Athena III was to feature a 2 1/2-segment Space Shuttle Solid Rocket Booster (SRB) derived reusable solid rocket booster (RSRB) first stage topped by one Castor 120, one Castor 30 and an OAMS orbit adjust module. Athena III would have been capable of placing a 4600 kg satellite in polar orbit from Kodiak, or launch a 5900 kg satellite from the East Coast into an orbit due east; however an East Coast launch site had not been selected. Kodiak was selected over heavily booked Vandenberg to avoid delays in high-priority rapid-response launches for the U.S. military.

== Launches ==

=== List of launches ===

| Flight number | Date (UTC) | Vehicle type | Launch site | Payload | Result | Remarks |
|---|---|---|---|---|---|---|
| 1 | August 15, 1995 22:30 | Athena I (DLV) | VAFB SLC-6 | Gemstar 1 (VitaSat 1) (113 kg) | Failure |  |
| 2 | August 23, 1997 06:51 | Athena I (LM-002) | VAFB SLC-6 | Lewis (404 kg) | Success | Payload failed after 3 days in orbit |
| 3 | January 7, 1998 02:28 | Athena II (LM-004) | CCAFS SLC-46 | Lunar Prospector (295 kg) | Success |  |
| 4 | January 27, 1999 00:34 | Athena I (LM-006) | CCAFS SLC-46 | Chunghua 1 (ROCSAT 1, Formosat-1), (410 kg) | Success |  |
| 5 | April 27, 1999 18:22 | Athena II (LM-005) | VAFB SLC-6 | Ikonos-1 (726 kg) | Failure |  |
| 6 | September 24, 1999 18:21 | Athena II (LM-007) | VAFB SLC-6 | Ikonos-2 (726 kg) | Success |  |
| 7 | September 30, 2001 02:40 | Athena I (LM-001) | KLC LC-1 | Starshine 3 (90 kg), PicoSAT (68 kg), PCSat (10 kg), SAPPHIRE (18 kg) | Success | Kodiak Launch Complex's first orbital launch. |

=== Launch failures ===

==== Gemstar 1 (VitaSat 1) launch failure ====
On August 15, 1995, an Athena-1 rocket (vehicle DLV), failed during launch.
Expended hydraulic fluid burned in first stage aft section, damaging nozzle feedback cables causing loss of gimbal control and tumbling.

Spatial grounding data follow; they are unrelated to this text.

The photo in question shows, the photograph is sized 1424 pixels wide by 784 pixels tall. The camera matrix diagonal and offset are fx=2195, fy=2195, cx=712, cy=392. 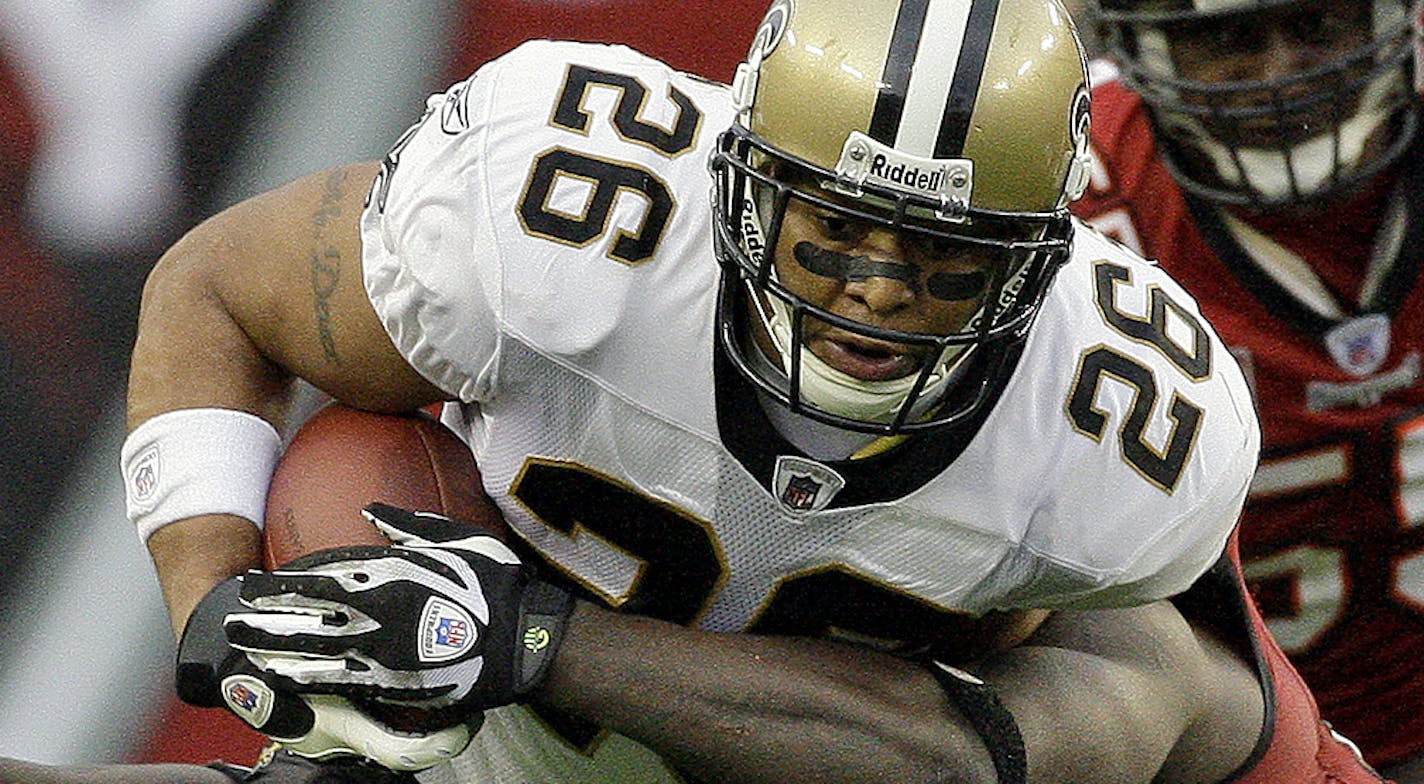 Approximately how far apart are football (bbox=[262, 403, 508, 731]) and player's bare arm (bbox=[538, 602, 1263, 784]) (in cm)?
19

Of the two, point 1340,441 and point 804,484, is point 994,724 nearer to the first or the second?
point 804,484

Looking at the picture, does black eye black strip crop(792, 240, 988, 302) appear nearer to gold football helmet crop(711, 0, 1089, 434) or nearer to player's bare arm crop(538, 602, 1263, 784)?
gold football helmet crop(711, 0, 1089, 434)

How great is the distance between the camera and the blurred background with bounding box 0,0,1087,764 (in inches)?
104

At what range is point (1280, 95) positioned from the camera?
2.52m

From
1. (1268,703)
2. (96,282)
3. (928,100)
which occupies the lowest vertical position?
(96,282)

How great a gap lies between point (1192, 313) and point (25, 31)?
5.23ft

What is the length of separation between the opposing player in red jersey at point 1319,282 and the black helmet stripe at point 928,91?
3.24ft

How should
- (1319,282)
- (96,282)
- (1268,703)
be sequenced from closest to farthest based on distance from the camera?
(1268,703) → (1319,282) → (96,282)

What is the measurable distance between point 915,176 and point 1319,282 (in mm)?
1202

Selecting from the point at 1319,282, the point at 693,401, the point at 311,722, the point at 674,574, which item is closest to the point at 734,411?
the point at 693,401

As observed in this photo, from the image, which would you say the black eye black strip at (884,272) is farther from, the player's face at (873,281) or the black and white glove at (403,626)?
the black and white glove at (403,626)

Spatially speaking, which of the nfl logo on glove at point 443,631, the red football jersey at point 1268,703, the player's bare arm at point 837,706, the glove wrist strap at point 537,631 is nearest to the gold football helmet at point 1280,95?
the red football jersey at point 1268,703

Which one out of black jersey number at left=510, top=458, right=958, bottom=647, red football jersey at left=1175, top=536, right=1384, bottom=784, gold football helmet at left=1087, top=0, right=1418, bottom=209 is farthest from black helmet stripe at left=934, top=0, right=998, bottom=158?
gold football helmet at left=1087, top=0, right=1418, bottom=209

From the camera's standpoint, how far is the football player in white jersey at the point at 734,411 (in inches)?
63.7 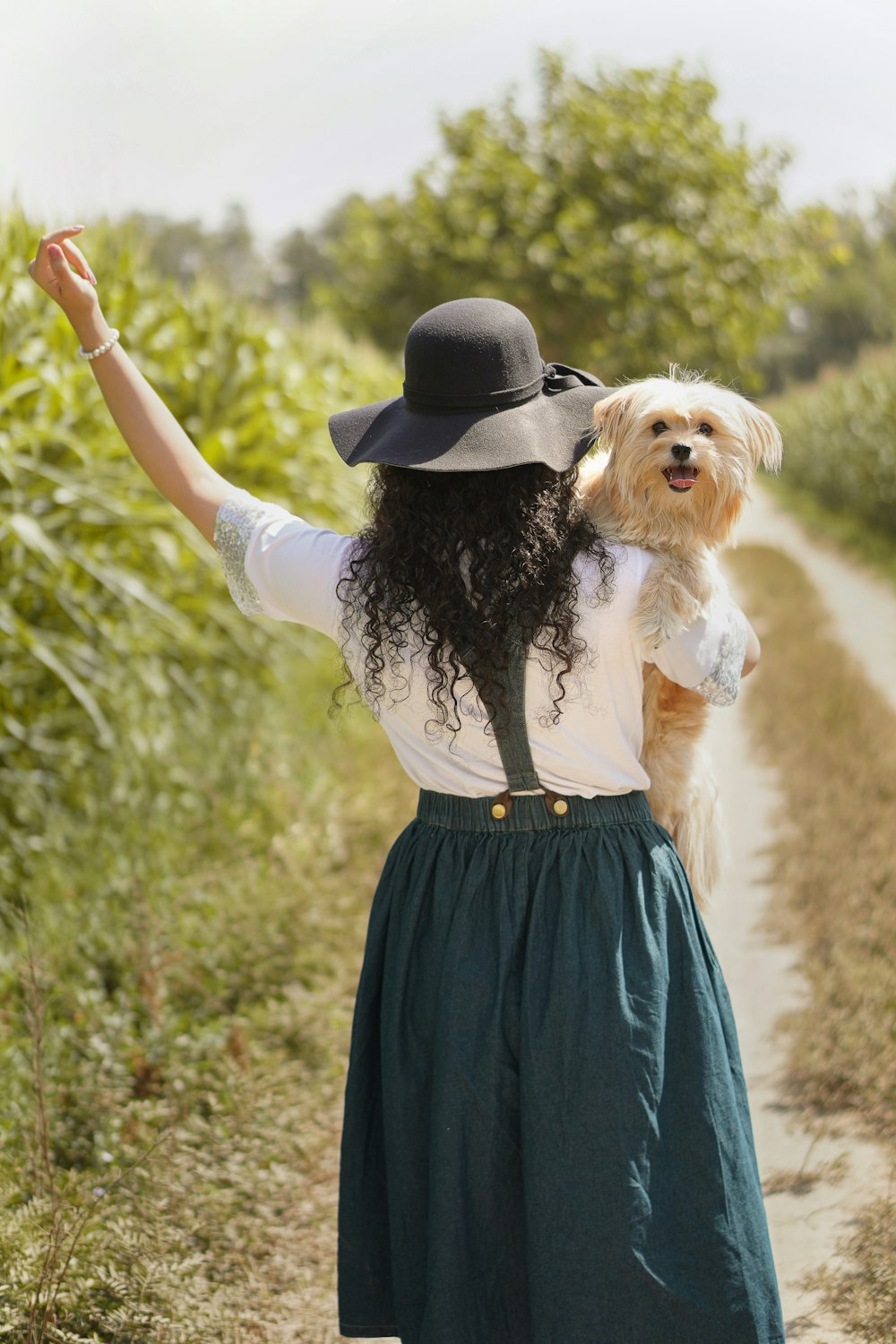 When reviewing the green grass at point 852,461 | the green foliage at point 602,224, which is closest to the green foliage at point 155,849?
the green foliage at point 602,224

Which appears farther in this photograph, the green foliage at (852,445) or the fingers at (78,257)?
the green foliage at (852,445)

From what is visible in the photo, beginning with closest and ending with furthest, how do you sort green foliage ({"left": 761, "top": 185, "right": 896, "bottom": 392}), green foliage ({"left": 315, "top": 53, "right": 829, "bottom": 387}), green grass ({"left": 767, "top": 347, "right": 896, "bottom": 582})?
1. green foliage ({"left": 315, "top": 53, "right": 829, "bottom": 387})
2. green grass ({"left": 767, "top": 347, "right": 896, "bottom": 582})
3. green foliage ({"left": 761, "top": 185, "right": 896, "bottom": 392})

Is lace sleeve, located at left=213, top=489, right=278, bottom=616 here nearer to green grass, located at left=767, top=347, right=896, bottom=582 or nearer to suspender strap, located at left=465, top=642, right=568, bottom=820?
suspender strap, located at left=465, top=642, right=568, bottom=820

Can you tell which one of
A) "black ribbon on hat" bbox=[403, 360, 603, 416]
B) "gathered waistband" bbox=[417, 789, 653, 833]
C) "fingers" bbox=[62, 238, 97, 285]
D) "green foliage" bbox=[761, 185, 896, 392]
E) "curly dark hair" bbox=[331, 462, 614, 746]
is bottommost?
"gathered waistband" bbox=[417, 789, 653, 833]

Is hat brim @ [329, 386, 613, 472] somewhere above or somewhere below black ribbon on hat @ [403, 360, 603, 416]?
below

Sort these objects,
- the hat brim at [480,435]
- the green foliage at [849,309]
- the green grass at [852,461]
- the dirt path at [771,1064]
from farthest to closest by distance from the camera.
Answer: the green foliage at [849,309], the green grass at [852,461], the dirt path at [771,1064], the hat brim at [480,435]

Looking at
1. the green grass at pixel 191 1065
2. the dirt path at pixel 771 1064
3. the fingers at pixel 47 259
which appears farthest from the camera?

Separately, arcing in the IMU high-voltage power supply caused loss of attitude reference. Flight terminated by range safety officer at T+160 s.

==== IKONOS-1 launch failure ====
On April 27, 1999, an Athena-2 rocket (vehicle LM-005), failed during launch.
The payload fairing failed to separate, and the extra weight prevented the vehicle from reaching orbit. During the fairing separation event, the shock of the circumferential ordnance firing disconnected the cable carrying the signal to fire the longitudinal ordnance.